Fallah: For someone who loves food, this was incredibly difficult. I have very few stand-out, memorable meals.
Tuna Tartare at Sky Sushi in El Dorado Hills, CA does stand out. My husband and I were out with our Sushi Lovers Meetup Group (hell yes, it is awesome). We arrived late. The couple across from us had ordered this dish and it arrived just after we were seated. After we ogled it, they let us try some. “We order it every time,” they said. Soon we understood why.
Finely chopped maguro (raw red) tuna blended with a mystery sauce. Served in a grapefruit-sized ball with sesame crackers. The plate was swirled with wasabi sauce, but we’ve decided it is unnecessary. We each took some on a cracker. The tuna just melted in my mouth. A savory, delicious blend of flavors: the rich, meaty tuna, definitely sesame oil, maybe green onion? Whatever is in that stuff, it is like crack.

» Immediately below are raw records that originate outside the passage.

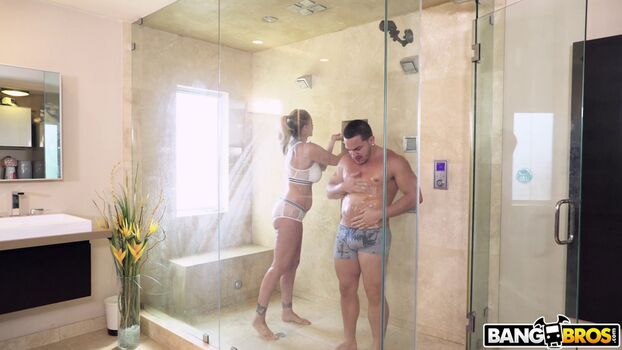 Julia ann  page leaked private photo uncensored HD quality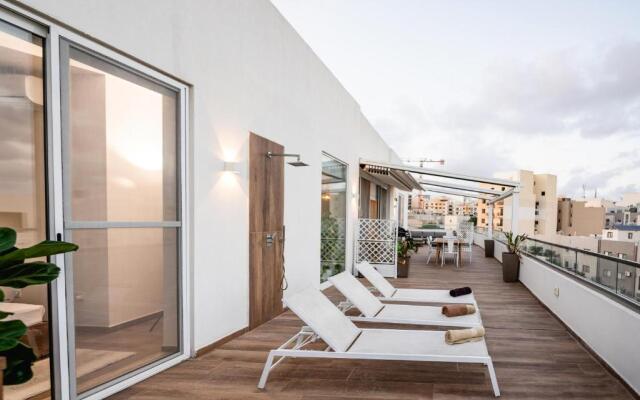 Luxurious Penthouse with Private POOL, WIFI & AC by 360 Estates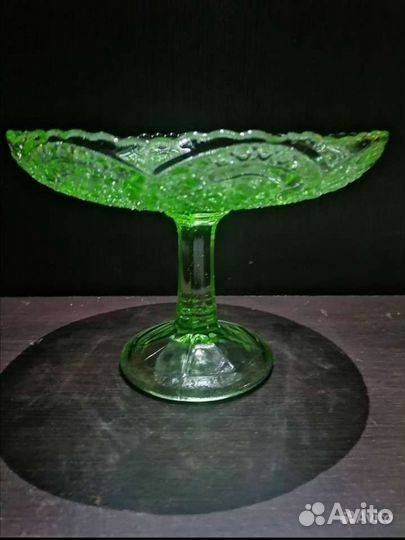 Старинная посуда из цветного стекла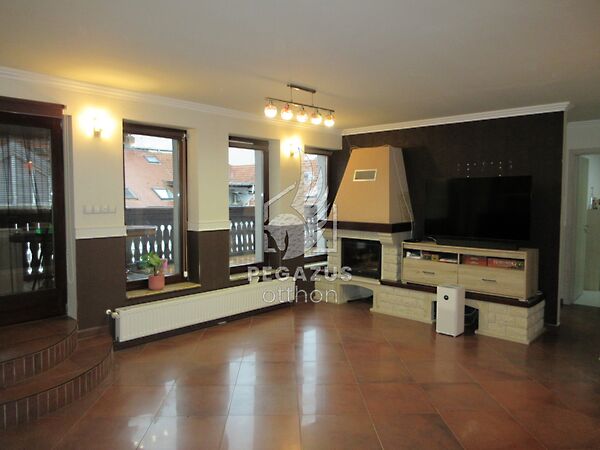 Eladó lakás Eger, Károlyváros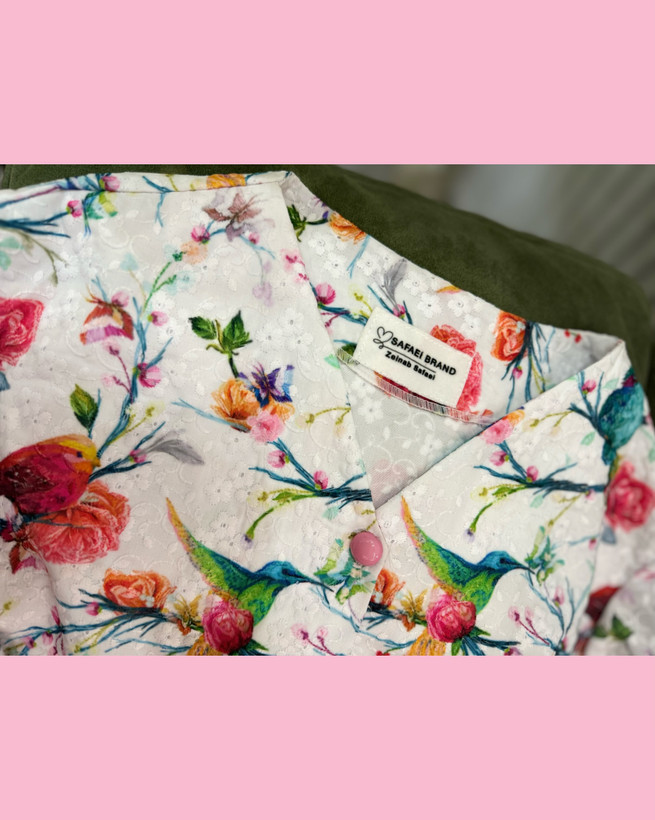 مانتو عیدانه شیک دخترانه/زنانه جنس وال خامه دوزی با کیفیت طرح پرنده داخل مانتو لایی حریر کار شده دو سایزی قد ۸۵ مناسب بهار و تابستان قیمت عالی خرید از تولیدی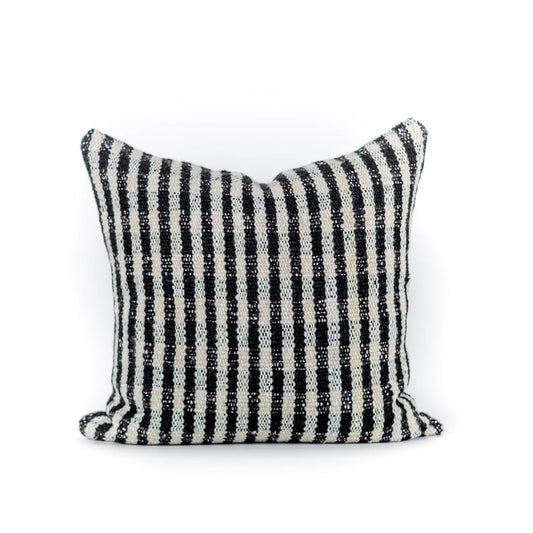 KARÜ Pillow White/Black check 26” X 26”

We immediately ordered our own plate, trying not to stare at our companions as they finished theirs. It was definitely worth ordering. We could probably eat five plates of the stuff. I’ve tried the dish at a few other restaurants in the meantime, and no one blends it quite the same way. Sadly we don’t get to go out there much, but every time we go we know for certain that we’re ordering up some Tuna Tartare.
haemonic: This is hard for me because, as part of being a hundred-pound weakling, I don’t think about food. I don’t plan it, I don’t eat much of it, and I sure as heck don’t remember it. Still I would have to say that my favorite meal of all time is dim sum at Jockey Wok-and-Roll–don’t knock the name, it’s serious business inside. Shrimp wrapped in rice pancake, pork buns, and the perfect dessert: bean paste in mochi. They come around with the food in little carts, so you don’t even have to connect a name to a food–you just point and go “I’ll take one of -those-,” and keep doing that until everyone’s full. Most important, of course, is that dim sum is a large group activity, which much sharing and food-snatching.
Damn, now I’m hungry.
Jinxifer: Man, I’m Italian! Food is the center of EVERY good thing. Every *caring* thing, anyways! Insofar as it’s a handy symbol for love, and less ambiguous than words to same effect…
And though the finest dining is one of my reasons for living and I’m tempted to trot out some absolutely brilliantly crafted meals it has been my privilege to pay for the privilege of delighting in —
I’ve got to say the best meal I’ve ever had was Thanksgiving in July.
See, I’d been dating an older guy for a few months. And his first birthday since I’d known him was coming up. So — being Italian — naturally, I asked what his favorite meal was. So that I could make it for him.
I didn’t expect silence as the answer.
See (he eventually explained), after 16 years in the military, where food was just fuel (and that’s if you could get any), he was just completely flummoxed by re-realizing that a meal could be anything but an inconvenience.
For a week, he thought on this.
Then: “Thanksgiving dinner!” he announced, one night as I was drawing.
“What?” I said, spaced.
“You asked,” he said, as if there hadn’t been a seven-day gap between then and now.
“I’ve been thinking about what meals I loved, before I joined the military,” he continued. “And I keep coming back to the fact that there’s nothing as tasty, and comforting, and…peaceful, as a Thanksgiving dinner!”
I don’t think he thought I’d seriously do it. Because, by the next month, he seemed to have forgotten.
But I hadn’t. And, by God, I *did* it. (Ever try to track down a whole turkey in July? Or cranberry sauce?) In the end, there were five courses, four guests, and only one 11th-hour freakout, as I learned quick, the night before, that defrosting a massive icebrick of a pimply-ass bird in a tepid bathtub takes for ever.
He was so moved, he continues that tradition to this day.
Watching his eyes mist up at that surprise first feast in his honor, I remember thinking: THIS is the best of what food can do. THIS is the best meal, ever.
And so, to this day, for me, it remains!
Itanya: The best meal I have ever had was a few years ago at Timberline Lodge. My mother and her husband met me and my husband up there for Christmas dinner. The meal was amazing, It was venison and very tasty. It was also the last time I remember getting along with my mother.